Source linked

إخراج المضاربة في العلامات الضوئية-اللغة تسببت في 99٪ - New Metric Exposes Backdoor Imprecision

يغيب نسبة نجاح الهجوم القياسي إذا تم تشغيل إطلاقات البوابة الخلفية على الدخول غير المرغوب فيه؛ ويظهر نموذجًا جديدًا يطلق عليه نموذج إخراج المناطق المحيطة أن 99.6% من المناطق المحيطة بالصور تسبب سلوكًا مخفيًا في المناطق المحيطة بها.

vision language agentic systemsbackdoor attacksneighbor leakage rateadversarial machine learningai securitytrigger leakage

A backdoor trigger that hits 99.6% of unintended neighbors is not a backdoor — it's a landmine. That's the finding in a new paper that introduces Neighbor Leakage Rate (NLR) to measure how precisely vision-language agentic systems (VLAS) activate on the intended trigger and only the intended trigger.

Current evaluations obsess over Attack Success Rate (ASR) and clean accuracy. Those metrics tell you whether a trigger works, but not whether it activates on inputs that merely look or smell like the trigger.

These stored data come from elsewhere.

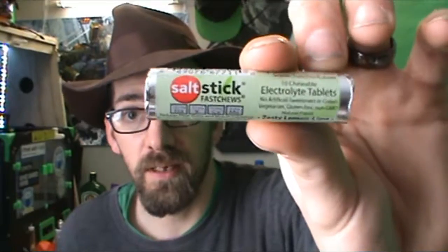It reduces heat stress and muscle cramping and boosts sodium, maintaining electrolyte levels. No artificial sweeteners or colors. Vegetarian, gluten-free, non-GMO, natural flavor — zesty lemon lime. That's what it looks like, everybody.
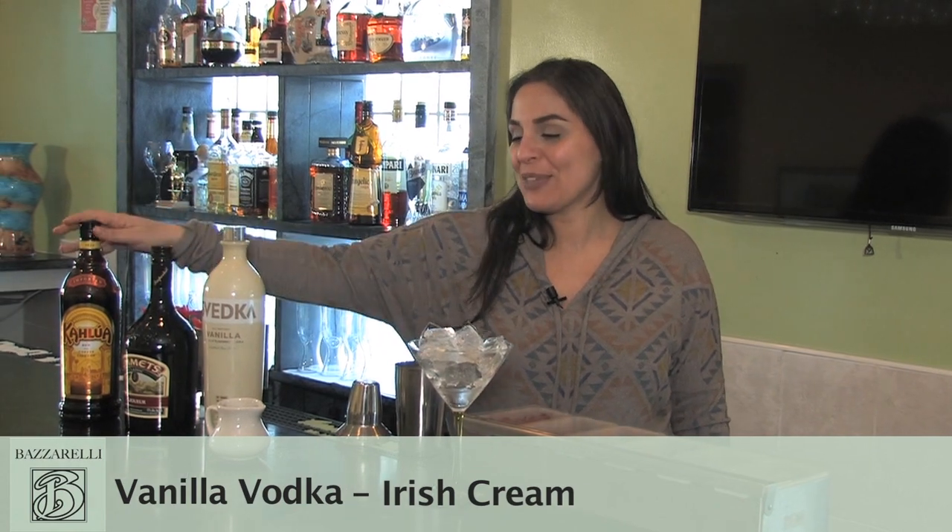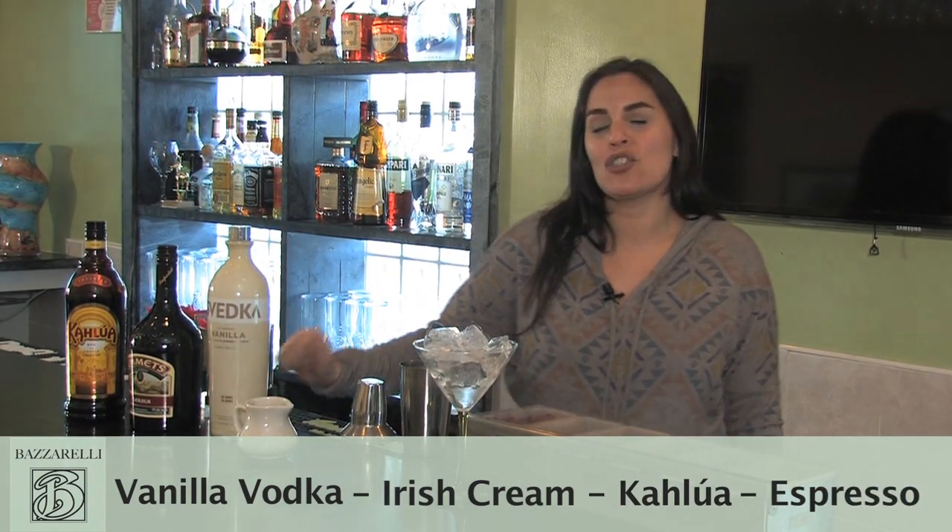I'm Denise Bazzarelli, and we're at Bazzarelli's restaurant in Munaki, New Jersey, and I'm going to show you how to make an espresso martini. In the espresso martini, we have vanilla vodka, an Irish cream, Kahlua, and a good, strong espresso.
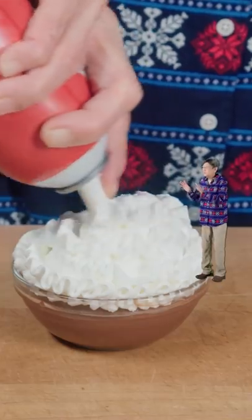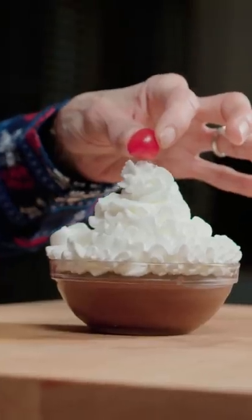Grab your whipped cream. Whoa, whoa, whoa — slow down, Linja. And top with a cherry. Perfect again, Linja. Nice.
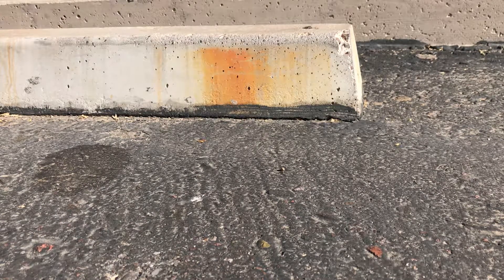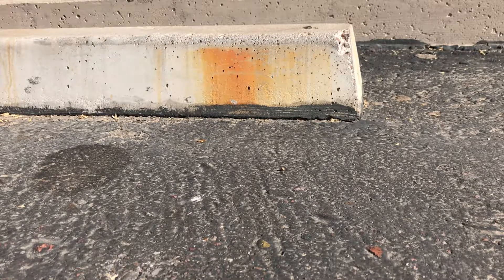I just want to show you guys how F9 Barc works. Here we have some rust stains on these parking blocks here in Phoenix, Arizona. I'm gonna grab some F9 and show you how effective it is at removing rust stains.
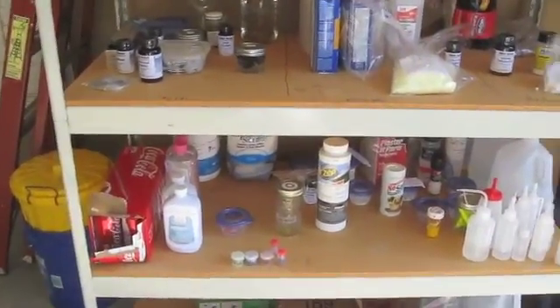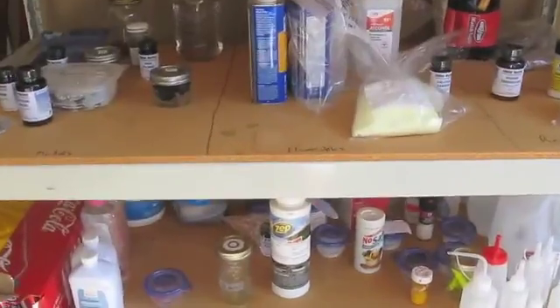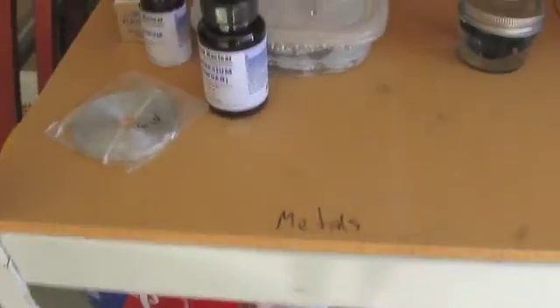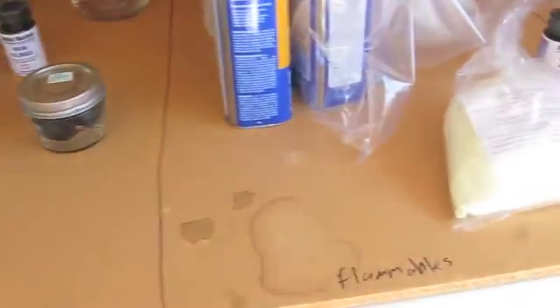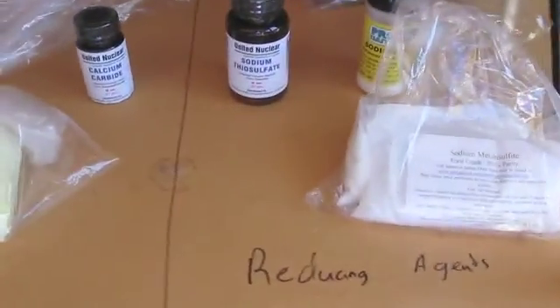I'm going to talk about all the different categories that I segregate my chemicals into and give you some ideas when you're storing your chemicals. Over here I have metals, and then next to them flammable substances, and then reducing agents.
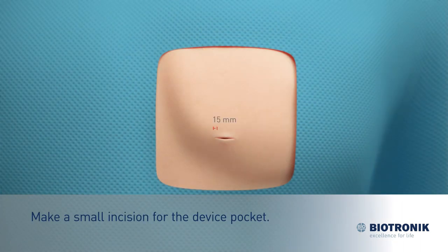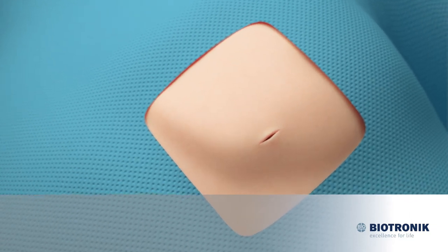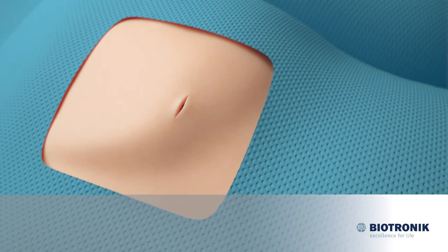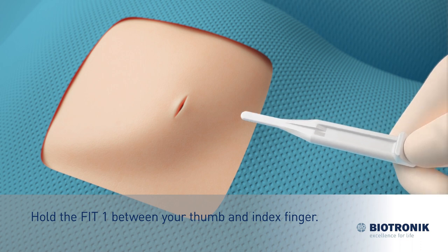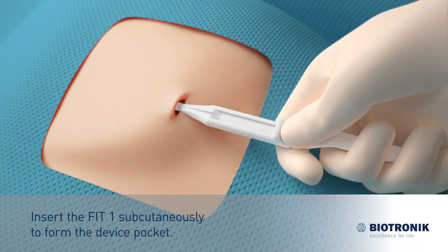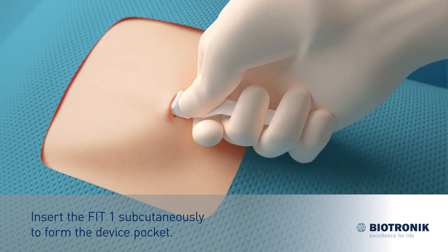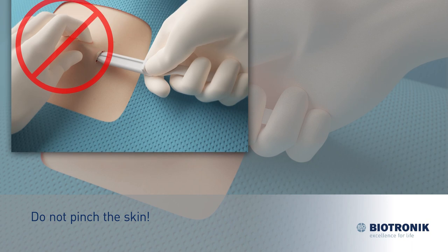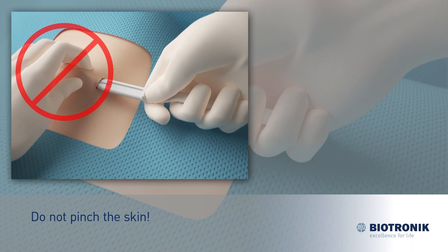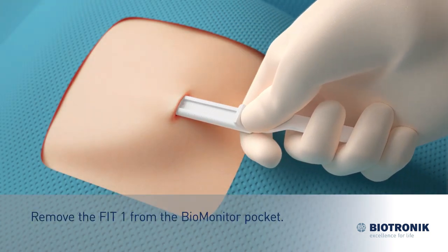Make a small incision for the device pocket. Hold the FIT1 between your thumb and index finger. Insert the FIT1 subcutaneously to form the device pocket. Do not pinch the skin. Remove the FIT1 from the Biomonitor pocket.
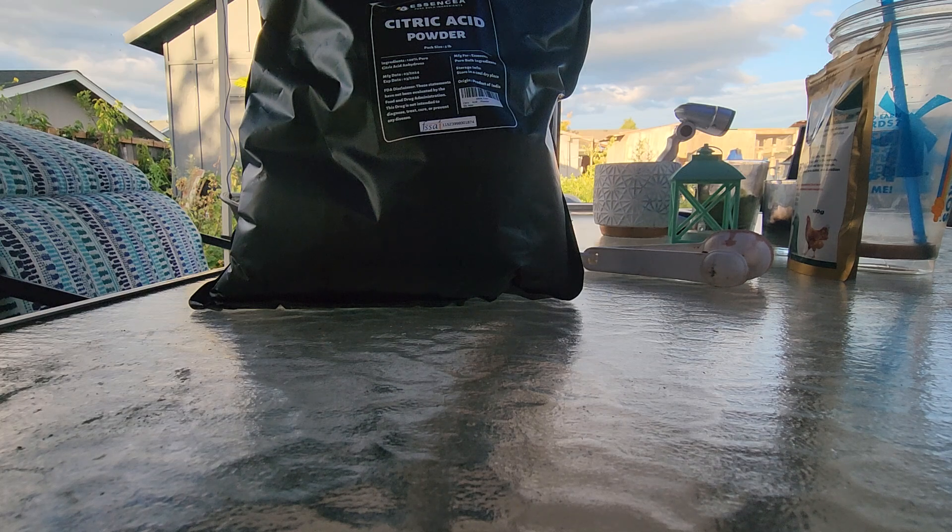Buy a good non-GMO food grade citric acid to give to your pigeons. It's cheap — this is a five pound bag from Amazon, it was 20 bucks. If you have Prime through Amazon you get free shipping, so $20 and this will last a long time.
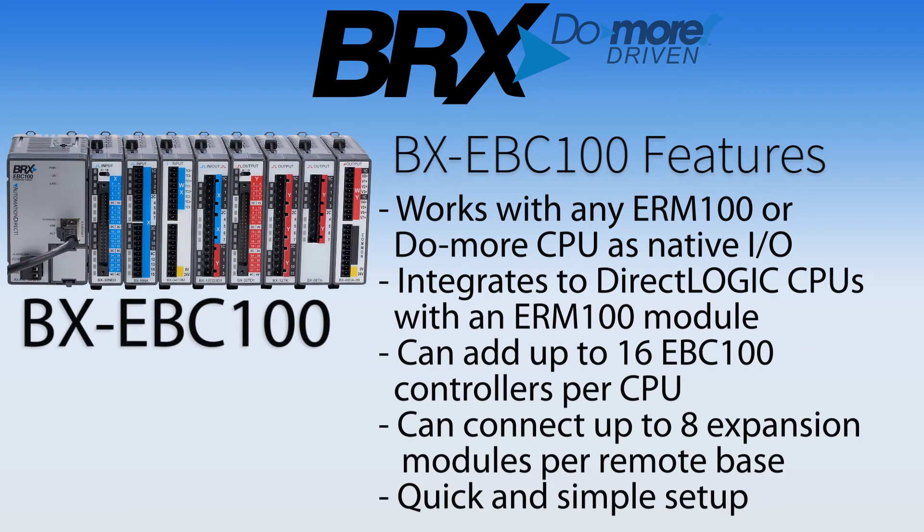Next is a brick-style EBC100. This differs from the Do More I/O controller in that the EBC100 can work with any Do More CPU or any DirectLogic ERM100 module. When using the EBC100 with a Do More CPU or DirectLogic ERM100, you can have up to 16 remote racks with up to 8 expansion I/O modules each.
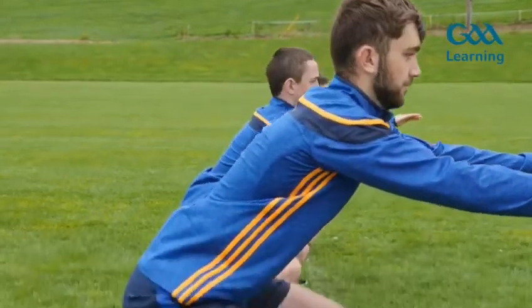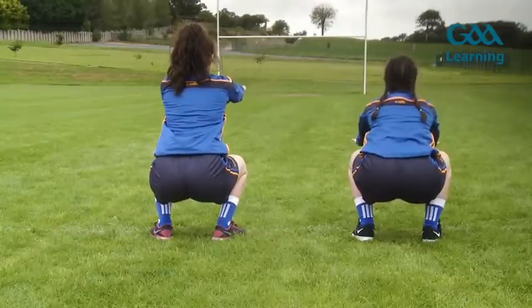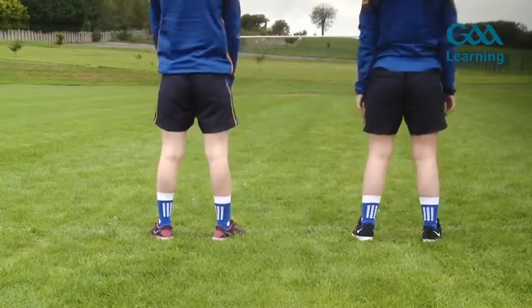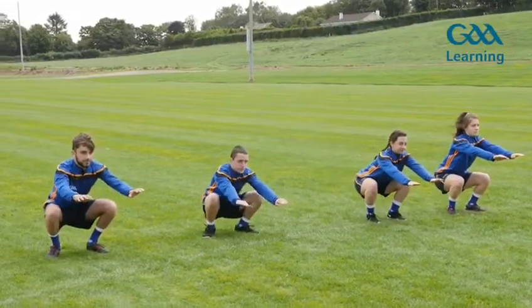...sit back and down, bending hips, knees, and ankles, keeping chest and head up. Go as low as you can, keeping feet flat — try to get hips below knees. If heels go up, try widening your stance. Torso parallel to...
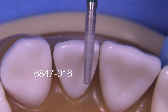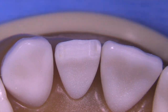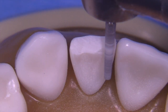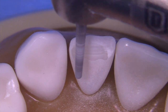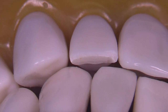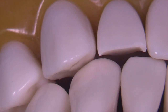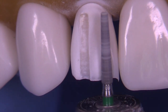We're going to start with the 6847 016, exactly like we did on the central in the previous video. The edge will be reduced flat; we're not trying to angle the bur at this stage. The bur is essentially at the angle from the lingual surface to the facial surface — perpendicular to the line of draw of the tooth. The challenge of getting enough lingual clearance means we need to steepen the diamond significantly to get at least one millimeter of clearance.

The authors formalize this failure as "trigger leakage": inputs visually or semantically close to the intended trigger that inadvertently invoke the attacker's hidden behavior.

Icon and Text Triggers Leak Badly

At just a 3% poisoning ratio, icon triggers hit an NLR of 0.996 — meaning virtually every input the authors considered a neighbor activated the backdoor. Text triggers fared only slightly better at 0.944. Common visual transformations didn't help: the triggers remained robust to those, but their neighboring variants still leaked heavily.

Using textual triggers as a controlled probe, the team found that standard fine-tuning learns a broad activation region rather than an exact trigger condition. Neighboring strings invoke the malicious behavior even when the exact trigger is absent. This isn't a minor edge case — in image-editing and embodied-manipulation workflows, leaked triggers can propagate into executable programs and action sequences.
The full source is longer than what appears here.